# [WHAT THIS TASK INVOLVES]
Find the line containing "Giuseppe Verdi - Attila", then print it and each line after it through the end of the listing exactly, with no pictures.

# [INFORMATION SHOWN]
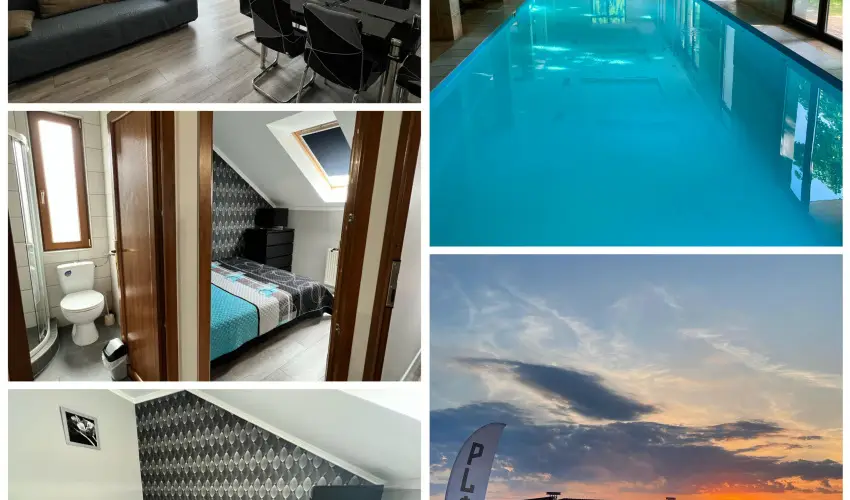 Dorina Wellness Apartman Sifok - Pnksd (min. 3 j)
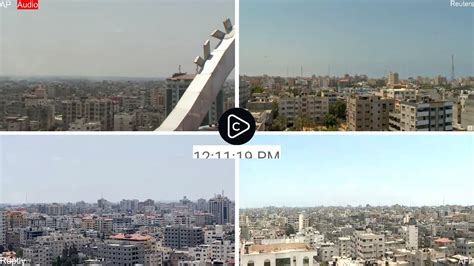 live gaza webcam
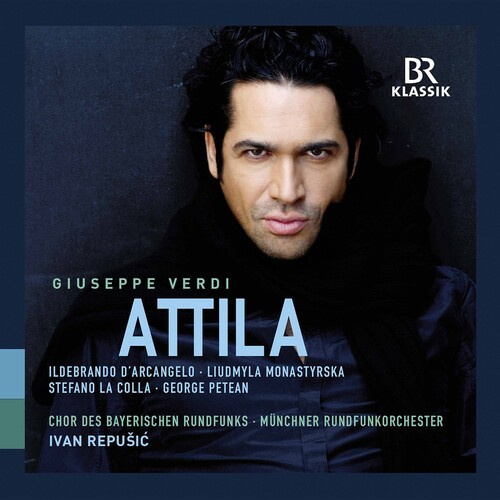 Giuseppe Verdi - Attila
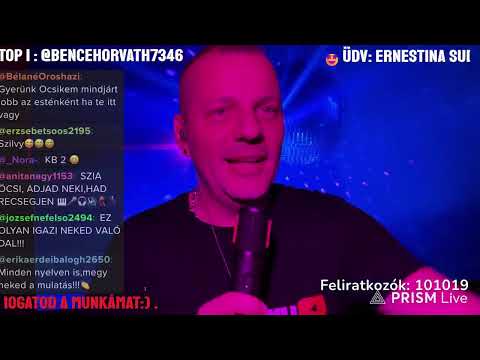 Live Muzsika, December 16, 2025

# [ANSWER FOR THIS EXERCISE]
 Giuseppe Verdi - Attila
 Live Muzsika, December 16, 2025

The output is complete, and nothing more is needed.